-- Records follows --
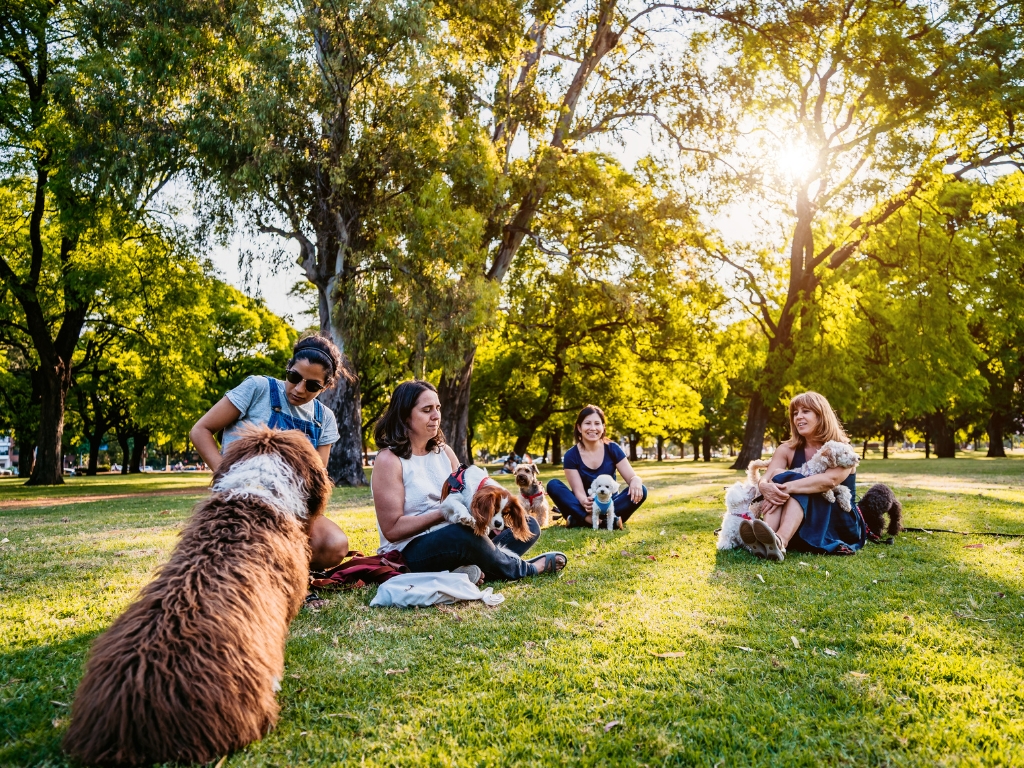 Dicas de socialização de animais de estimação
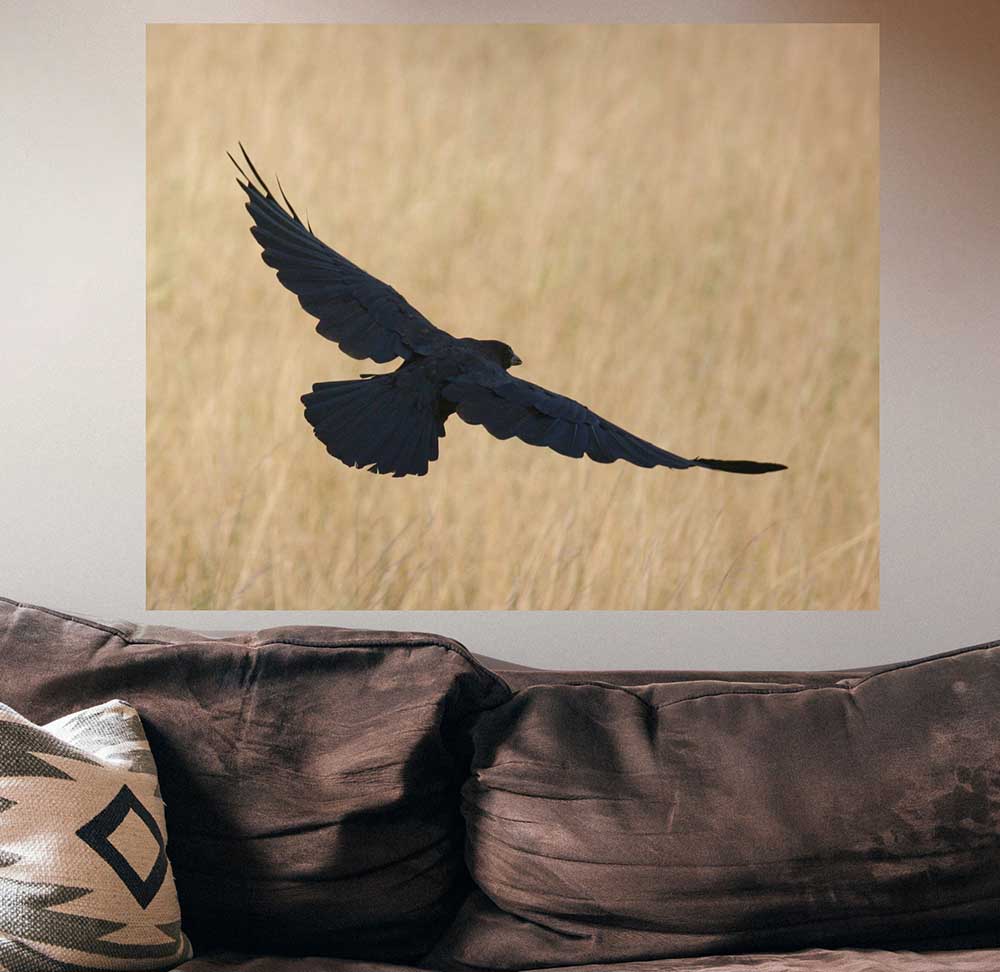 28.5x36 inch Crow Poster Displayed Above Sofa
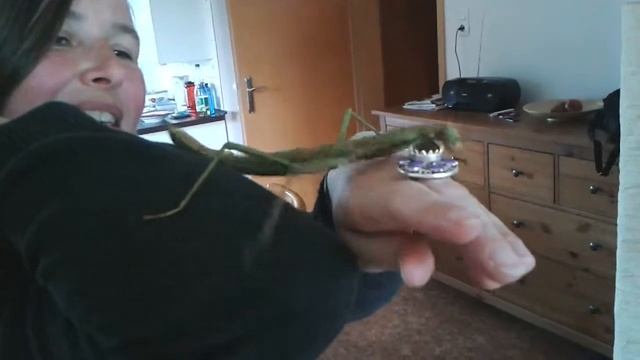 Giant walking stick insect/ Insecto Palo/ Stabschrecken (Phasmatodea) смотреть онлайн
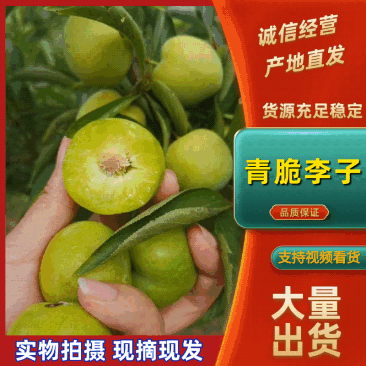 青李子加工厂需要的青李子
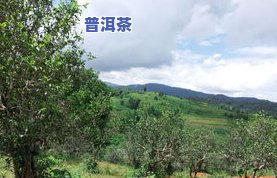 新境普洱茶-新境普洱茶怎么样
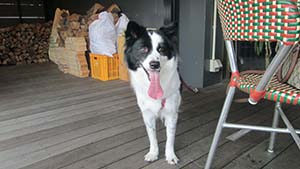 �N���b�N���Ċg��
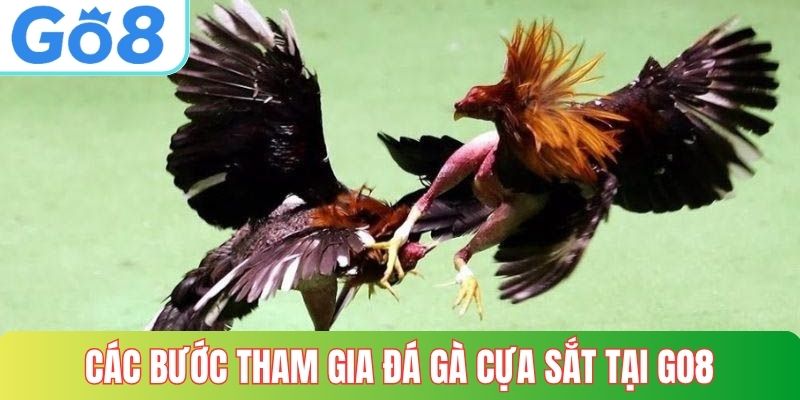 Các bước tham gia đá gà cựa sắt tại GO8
-- Records concluded --
-- Records follows --
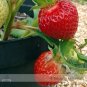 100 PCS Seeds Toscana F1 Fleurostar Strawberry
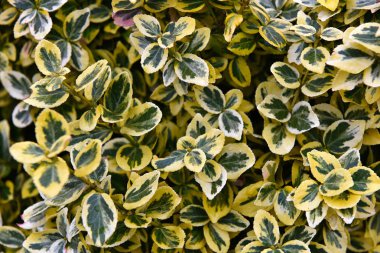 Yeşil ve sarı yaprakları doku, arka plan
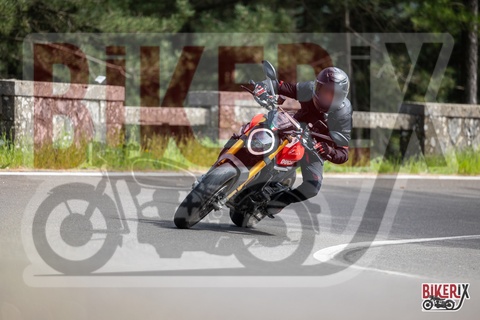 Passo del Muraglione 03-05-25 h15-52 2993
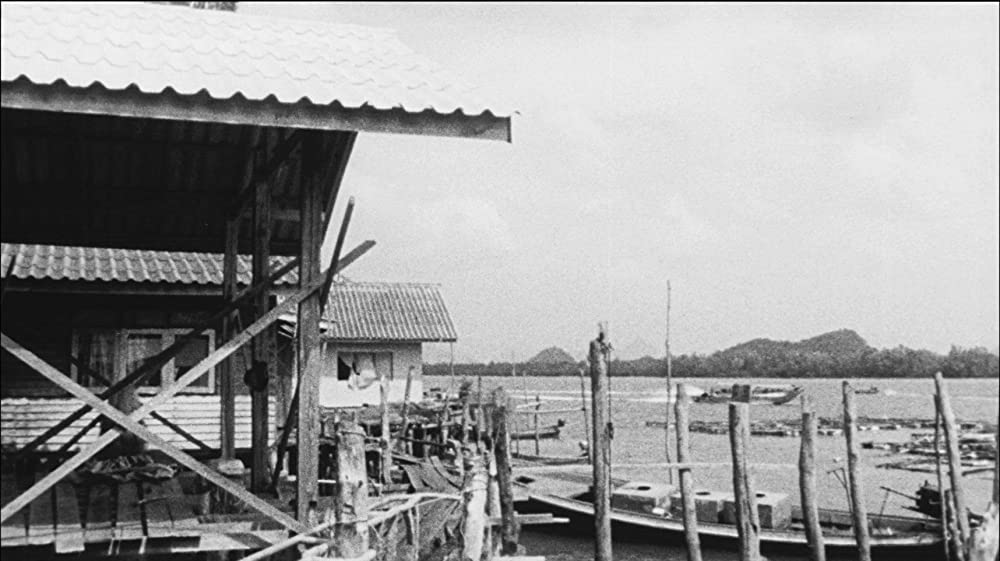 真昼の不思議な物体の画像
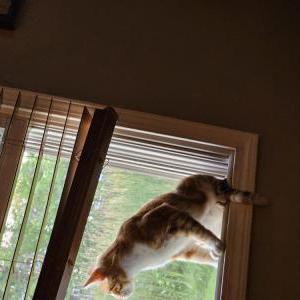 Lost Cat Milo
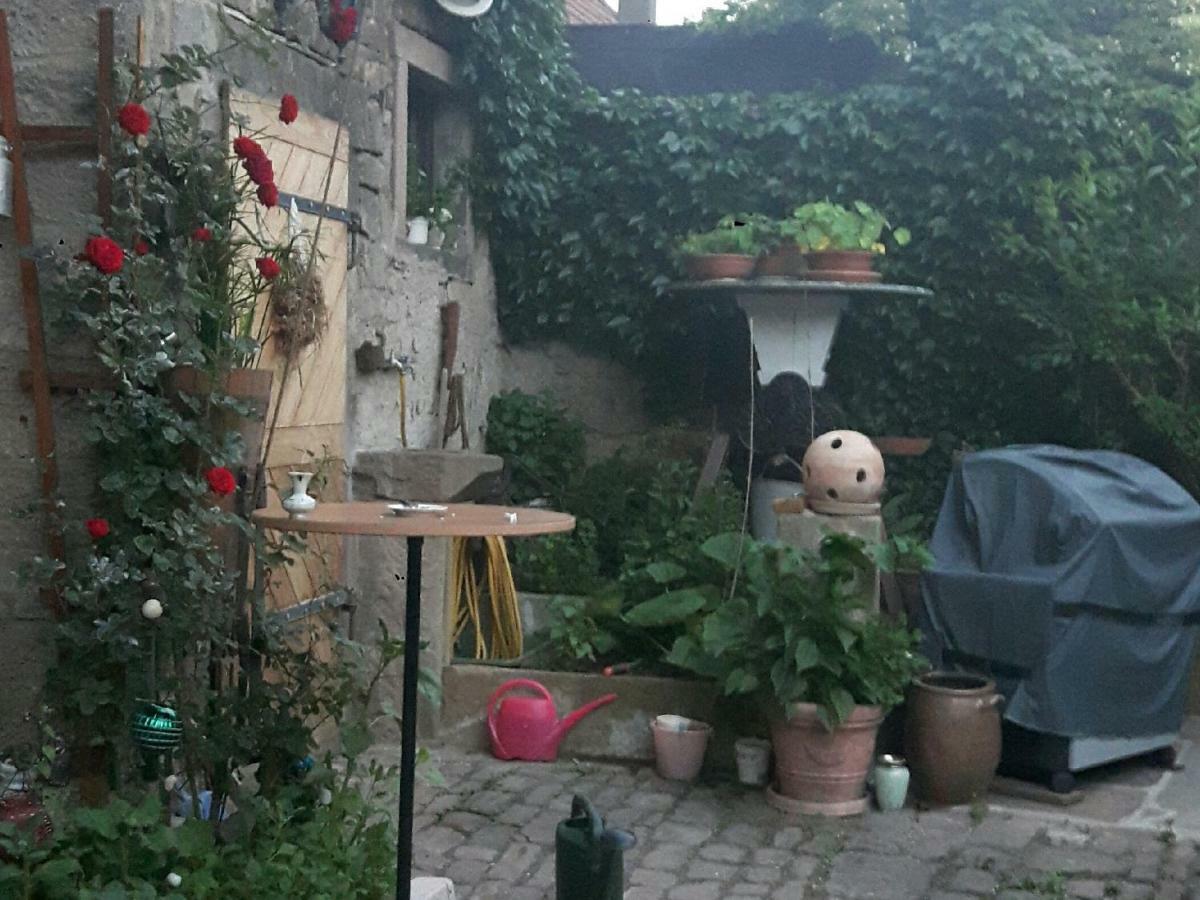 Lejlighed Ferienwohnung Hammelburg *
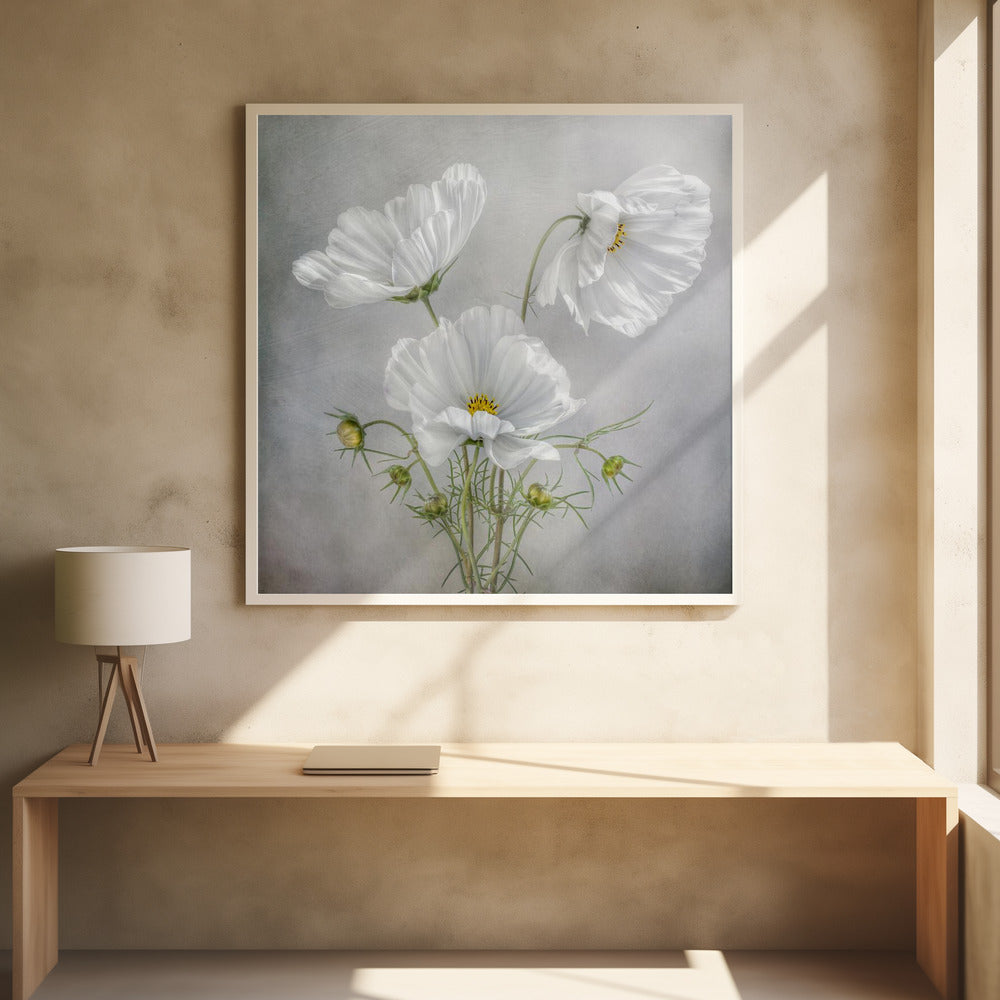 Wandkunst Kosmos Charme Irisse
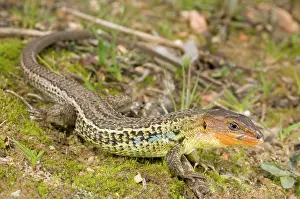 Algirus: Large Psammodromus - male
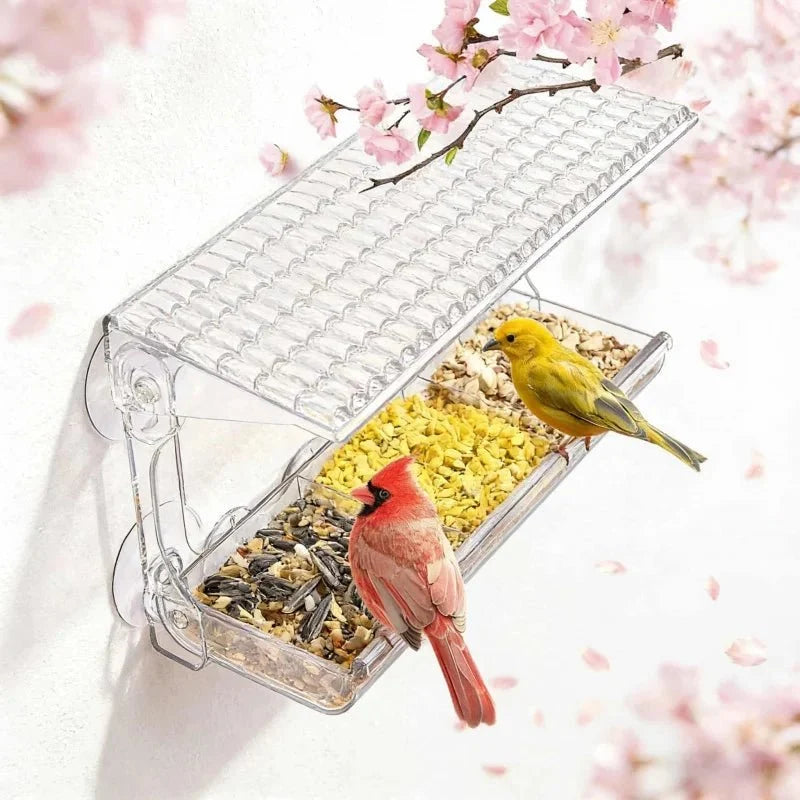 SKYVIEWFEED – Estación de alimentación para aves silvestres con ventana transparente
-- Records concluded --
-- Records follows --
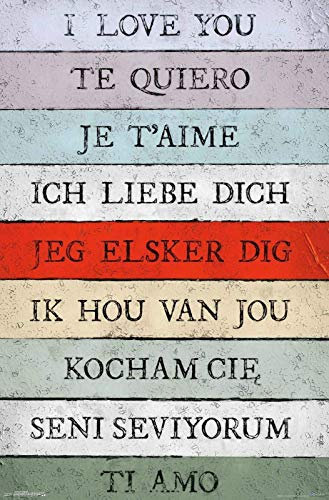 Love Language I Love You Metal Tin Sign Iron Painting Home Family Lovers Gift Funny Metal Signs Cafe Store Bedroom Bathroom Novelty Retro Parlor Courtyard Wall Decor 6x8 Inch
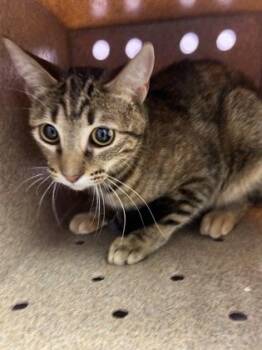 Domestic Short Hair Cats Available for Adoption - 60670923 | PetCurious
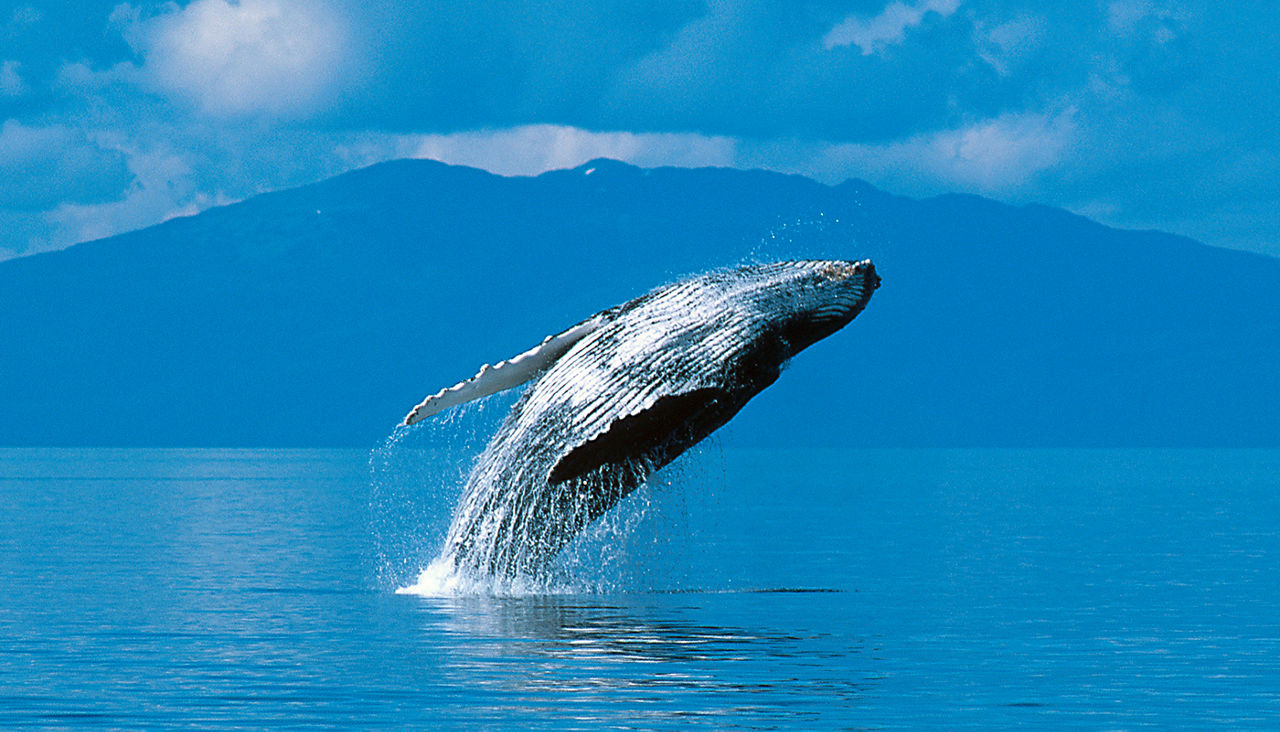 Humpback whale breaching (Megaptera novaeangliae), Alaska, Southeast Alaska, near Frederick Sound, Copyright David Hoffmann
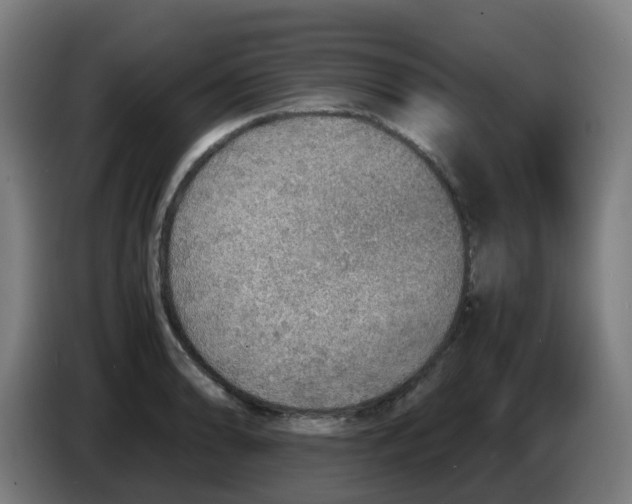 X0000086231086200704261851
-- Records concluded --
**Task requirements:**
Look above for the line with "Lost Cat Milo"; quote it and every line after it, stopping after the line with "SKYVIEWFEED – Estación", exactly, with nothing added and without pictures.

**Solved problem:**
 Lost Cat Milo
 Lejlighed Ferienwohnung Hammelburg *
 Wandkunst Kosmos Charme Irisse
 Algirus: Large Psammodromus - male
 SKYVIEWFEED – Estación de alimentación para aves silvestres con ventana transparente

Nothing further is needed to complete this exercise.